Torpedo Smith, obviously helpless, had slumped beneath the repeated impact of the Angel’s deliberate blows and now lay where he had fallen, face down, motionless, as the referee, tolled him out.

The sea of humanity began ebbing like a tide toward the exits, the vast drone of their voices and shuffling feet covered by the reverberating recessional of a pipe organ striking up “Anchors Aweigh” from somewhere in the bowels of the coliseum.

“Well, ya see, boss?” Hoppy jubilated as they drifted into the aisle. “It’s just like I told ya. De Angel’s dynamite!”

Pat shook her golden head compassionately.

“That poor fellow-the way that horrible creature hit him when he was helpless! Why didn’t the referee stop it?”

She turned, suddenly aware that Simon was no longer behind her. She looked about bewilderedly. “Simon!”

“Dere he is!” Hoppy waved a hamlike hand toward the end of the row they had just left. “Boss!”

The Saint was standing there, the occupants of the first rows of the ringside eddying past him, watching the efforts of Whitey Mullins and his assistants to revive the slumbering Smith.

Hoppy breasted the current with the irresistible surge of a battleship, and returned to Simon’s side with Pat in his wake.

” ‘S matter, boss?”

“What is it, Simon?”

The Saint glanced at her and back at the ring. He took a final pull at his cigarette, and dropped it to crush it carefully with one foot.

“They’ve just called the Boxing Commission doctor into Smith’s corner,” he said.

Pat stared at the ring.

“Is he still unconscious?”

“Aw, dat’s nuttin’.” Hoppy dismissed Smith’s narcosis with a scornful lift of his anthropogenous jaw. “I slug a guy oncet who is out for twelve hours, an’ when dey—”

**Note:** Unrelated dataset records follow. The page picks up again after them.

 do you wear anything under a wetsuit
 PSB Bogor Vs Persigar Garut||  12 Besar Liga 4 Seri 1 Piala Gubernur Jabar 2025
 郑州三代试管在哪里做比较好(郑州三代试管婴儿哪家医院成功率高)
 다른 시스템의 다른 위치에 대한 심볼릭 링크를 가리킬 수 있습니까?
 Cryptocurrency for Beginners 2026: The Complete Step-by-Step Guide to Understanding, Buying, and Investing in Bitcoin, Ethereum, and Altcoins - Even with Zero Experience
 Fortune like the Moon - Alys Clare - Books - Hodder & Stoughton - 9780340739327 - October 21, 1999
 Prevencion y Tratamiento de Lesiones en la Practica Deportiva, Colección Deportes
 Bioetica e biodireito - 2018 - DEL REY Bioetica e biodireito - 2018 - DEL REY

“Wait a minute,” the Saint interrupted, and moved toward Smith’s corner as Whitey Mullins leaped from the ring to the floor.

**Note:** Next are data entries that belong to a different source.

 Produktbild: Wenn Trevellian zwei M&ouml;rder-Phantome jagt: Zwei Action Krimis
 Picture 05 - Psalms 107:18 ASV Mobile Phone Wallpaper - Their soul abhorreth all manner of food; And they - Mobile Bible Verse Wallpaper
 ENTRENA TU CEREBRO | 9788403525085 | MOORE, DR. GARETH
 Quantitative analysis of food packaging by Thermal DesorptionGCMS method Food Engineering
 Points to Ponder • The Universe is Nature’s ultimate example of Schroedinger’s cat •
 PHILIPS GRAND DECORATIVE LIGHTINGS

“Whitey!” Hoppy bellowed joyfully. “Whassamatter, chum? Can’t ya wake up dat sleeping beauty?”

Whitey glanced at him with no recognition, his wide flexible mouth contorted curiously.

Hoppy blinked.

“Whitey! Whassamatter?”

Pat glanced at the ring with quick concern.

“Is Smith hurt badly?”

The towheaded little man with the lean limber face stared at her a moment with twisting lips. When he spoke, his high-pitched Brooklyn accent was muted with tragedy.

“He’s dead,” he said, and turned away.

The spectral cymbals of grim adventure clashed an eerie tocsin within the Saint, louder now than when first he heard their faint far notes in Connie Grady’s flustered appeal for him to search the sinister riddle of the Angel’s victories, and save her fiance from unknown peril. They had rung in the nebulous confusion of her plea, in the tortured suspicions unvoiced within her haunted eyes… . Now he heard their swelling beat again, a phantom reprise that prickled his skin with ghostly chills.

He spoke softly into Pat’s ear.

“Darling, I just remembered. Hoppy and I have some vitally urgent business to attend to immediately. Do you mind going home alone-at once?”

Patricia Holm looked up sharply, the startled pique on her lovely face giving way swiftly to disquieted resignation. She knew him too well.

“What is it, Simon? What are you up to?”

“I’ll explain later. I’m already late. Be a good girl.” He kissed her lightly. “I’ll make it up to you,” he said, and left her gazing after him as he sauntered down the long concrete ramp leading to the fighters’ dressing rooms with Hoppy shambling in his wake like a happy bear.

CHAPTER TWO
The door of the number-one dressing room beneath the floor of the Manhattan Arena rattled and shook as the sportswriters milled about the corridor outside and protested their exclusion. Who, one of them shouted, did the big ham think he was, Greta Garbo?

Behind the locked door, Dr. Kurt Spangler rubbed his shining bald head and listened benignly to the disgruntled din.

“Maybe I should oughta give ‘em an interview, huh, Doc?”

The pink mountain of flesh lying on the rubbing table lifted a head the general size and shape of a runt eggplant. “I don’t want they should think I’m a louse.”